Corría el año 1969 y la clase de tercer grado estaba excitada. Niños y niñas tenían los ojos a punto de salírseles de las órbitas. Dos de ellos, uno rico y el otro pobre, se daban de puños.
El rico era un buen muchacho, también el pobre. Pero eran eso: niños, y cuando se tiene nueve años de edad, cualquier broma pesada o una palabra de ofensa puede desencadenar una catástrofe.
Recuerdo que yo era la "jefa de orden", pero no pude evitar el desorden.
El niño rico "vacilaba" al pobre, y éste lo miraba con ira contenida. "No me molestes, te voy a meter un trompón", decía, pero el otro no le hacía caso y seguía la chanza.
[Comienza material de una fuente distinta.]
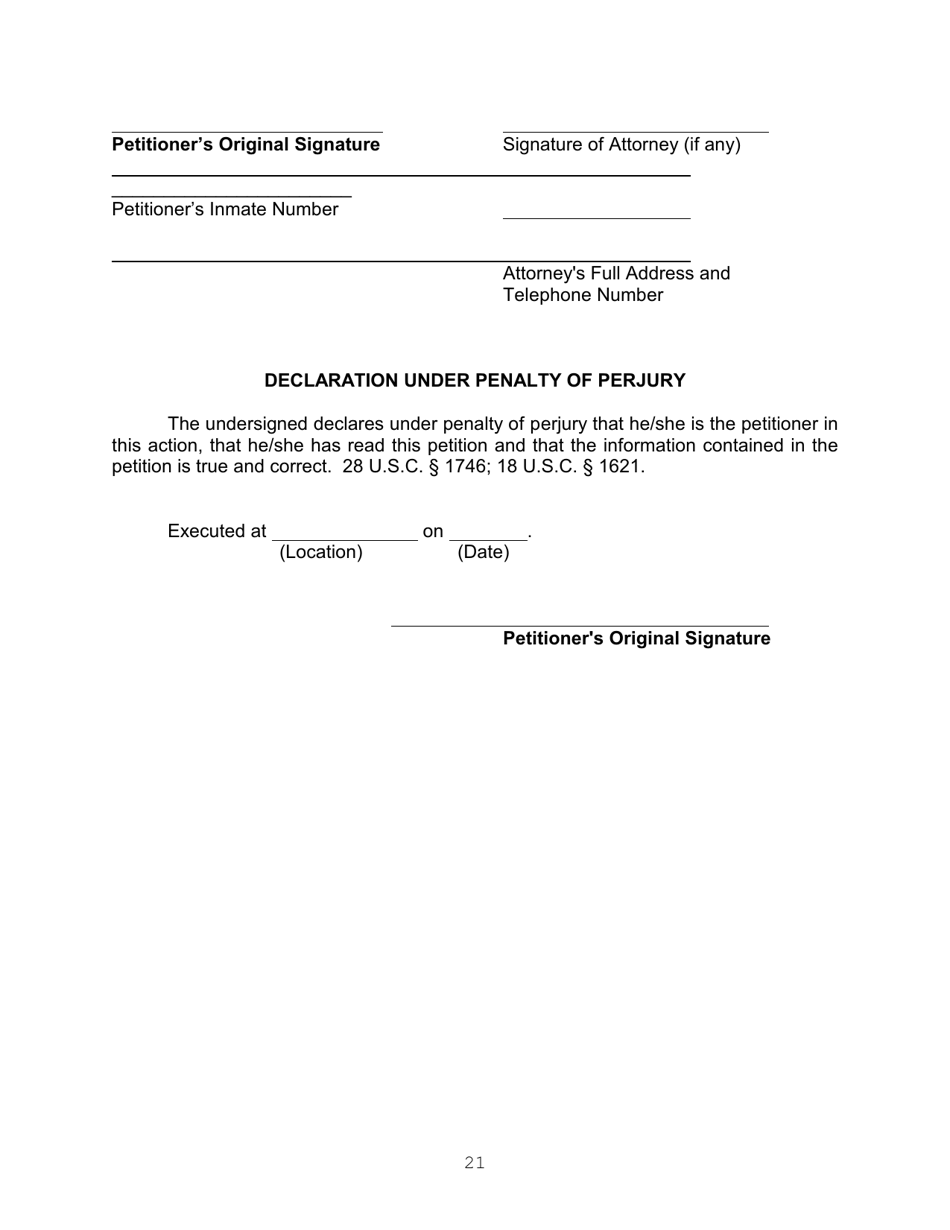 Application for a Writ of Habeas Corpus Pursuant to 28 U.s.c. 2254 by a Person in State Custody - Connecticut, Page 21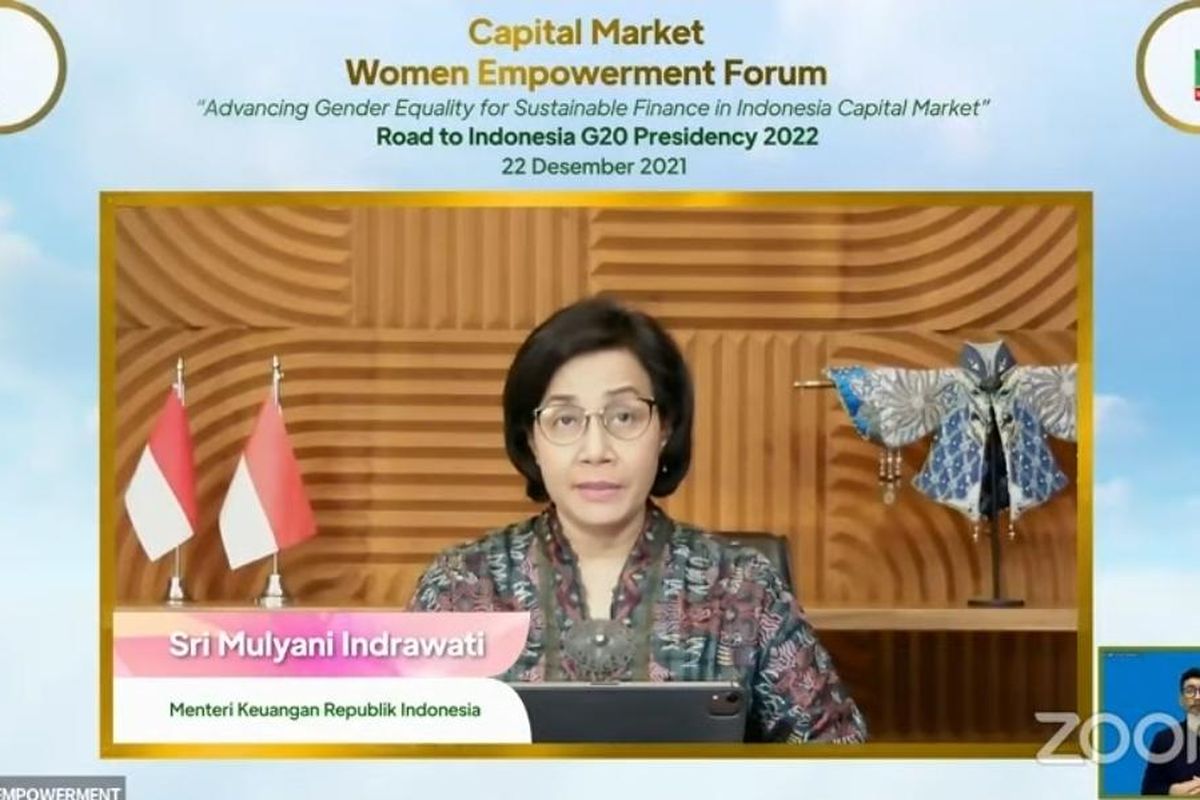 Menteri Keuangan (Menkeu) Sri Mulyani Indrawati dalam acara Capital Market Woman Empowerment Forum, Rabu (22/12/2021).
Daba la casualidad de que el pobre era hijo de una aseadora de la escuela. El rico era hijo de empresarios del pueblo. Eso era lo que tenían en mente algunos compañeros de ambos cuando decidieron liarse a puños, aprovechando que la maestra había ido a la dirección.
Un barrejobo aquí, otro barrejobo allá era lo que se veía en medio de la algarabía. Yo anotaba nombres de "malportados" en una lista que entregaría a la maestra cuando regresara, pero también miraba aterrada la pelea.
De repente, ¡zas!... voló un diente. Era del niño rico, que sólo atinaba a decir que ahora se iba a ver feo. Yo sólo pensaba que toda la culpa se la iban a echar al niño pobre, pero no fue así.
El asunto se deslindó como correspondía en aquellos tiempos. Llamaron a algunos estudiantes y éstos atestiguaron sobre lo que ocurrió. No culparon a ninguno de los dos, pero sí les hicieron ver su grado de responsabilidad en la trifulca. Una cuera de los padres y un castigo en la escuela, no sin antes obligar a los contendientes a un estrechón de manos, que terminó con el asunto.
Eran los tiempos en que en la mayoría de las provincias del interior no había escuelas privadas, pero recibíamos una educación de calidad. Y no me refiero sólo a la académica. Aquel día, la maestra se quedó con nosotros después de la salida y nos dio una lección que jamás olvidé: la violencia no sólo puede sacar un diente, también puede dañar el corazón de un niño y convertirlo en una mala persona para el resto de su vida. Elegir lo que queremos ser está en cada uno de nosotros.
Los niños de este relato siguieron siendo amigos, y son hoy ciudadanos honorables. Un diente postizo, que no se nota, bastó para mejorar el físico.